Friday, 3 July 2015: 4:00 PM-5:30 PM
CLM.B.05 (Clement House)
Mahtab Akhavan Farshchi, London South Bank University, London, United Kingdom
Herman Belgraver, The Queen's University Management School, Belfast, Northern Ireland
This paper will examine the changes in government policies across the world in the past few decades with
a view to show the tendencies of the national governments to create favourable environments to attract
foreign direct investment. The general belief has been that the positive spillovers from MNEs justify the
negative impacts such as crowding out and disadvantaging indigenous firms. Following a review of the
policy changes particularly those relating to corporation tax we offer the arguments for and against
inward investment by MNEs. Using the case studies of two countries (United Kingdom and The
Netherlands) we review the governments industrial and taxation policies and examine the way such
policies have impacted on the presence of the MNEs in those markets.
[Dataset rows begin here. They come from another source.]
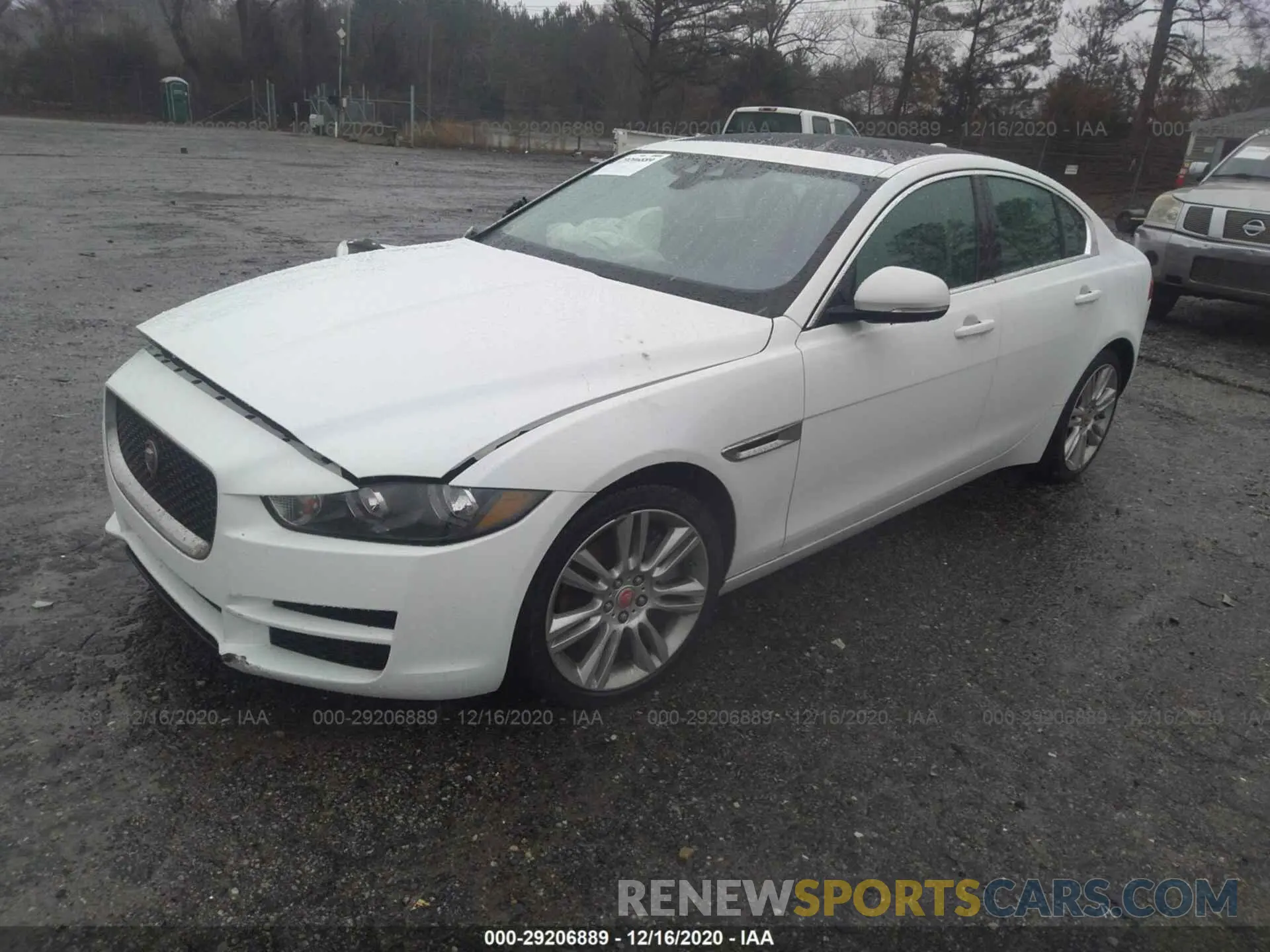 2 fotografías del automóvil dañado SAJAR4FX8KCP52456 JAGUAR XE 2019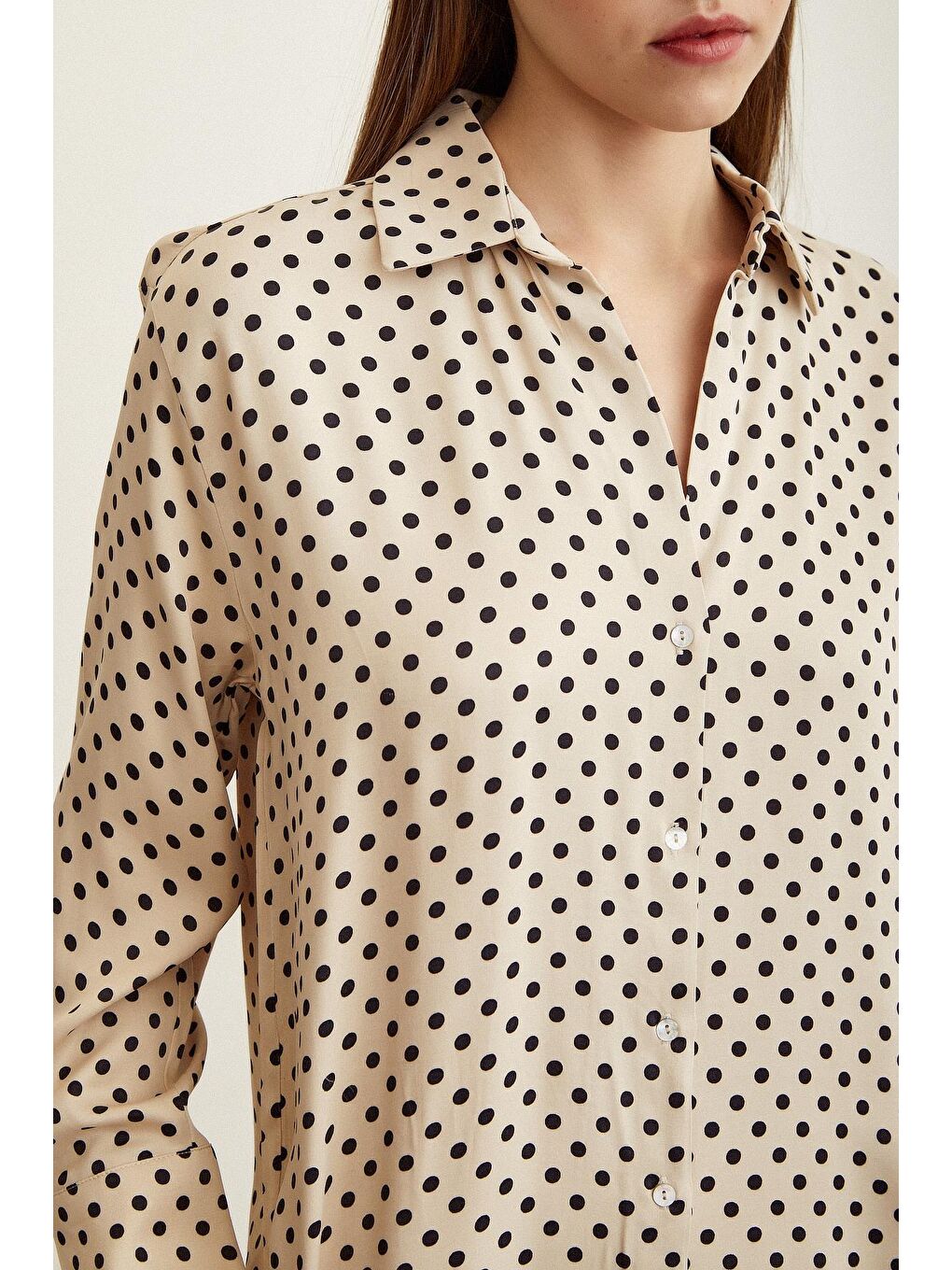 Bej Puantiye Desenli Saten Gömlek-1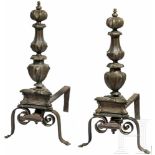 Ein Paar große Renaissance-Feuerböcke (Andirons), Venedig, 2. Hälfte 16. Jhdt.Dreibeinige,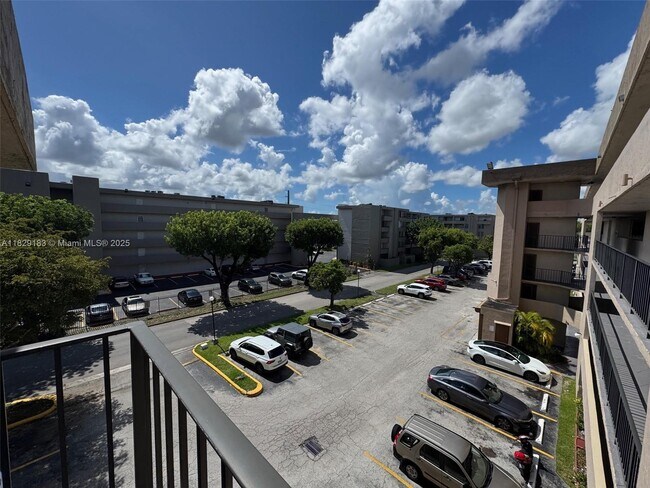 Building Photo - 816 NW 87th Ave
We will then evaluate the presence of the MNEs in terms of timing (short-medium-long term effects),
impact on knowledge creation and innovation in the local markets and productivity. This will be done
against the effectiveness of the local policies in creating the absorptive capacity of the local economies -
policies which create the context for firms to operate within - such as education and industrial policies.
The research will examine the effectiveness of the corporate taxation as a mechanism to overcome market
failure or as a mechanism that promote market failure and would review alternative ways for more
effective distribution of wealth within and between countries. We argue that the national policies cannot
be designed in isolation and a joint effort at an international level is needed if the gap in income and
equality is to be narrowed in a meaningful manner.
The issue of tax avoidance has once again come to prominence in public debate in recent years (IMF,
2014). The change in government policies in the UK, in Europe and a host of other countries across the
world has been leaning towards lowering of corporation tax in order to attract multinationals investment
in their territories. The debate as to how this lowering of tax, or the new consciousness of the MNEs in
their tax planning as a tool for strategic management and competitiveness can shape the future of the local
economies, and whether the perceived benefits of inward FDI is still a reality that surpass the negative
impacts that such investments may have on local economies and the development and growth of local
SMEs are issues that this paper aim to cover. The methodology of this paper is mainly a desk based
review of policies and theories of taxation and inward FDI. The literature on theories of taxation in
general and corporate taxation in particular will focus on the history of corporate tax and its development,
and offers a comparison of the corporation taxation systems in Europe and the US. The paper will then reexamine
the perceived positive and negative externalities of the MNEs FDI on local economies against
actual benefits confirmed by secondary evidence.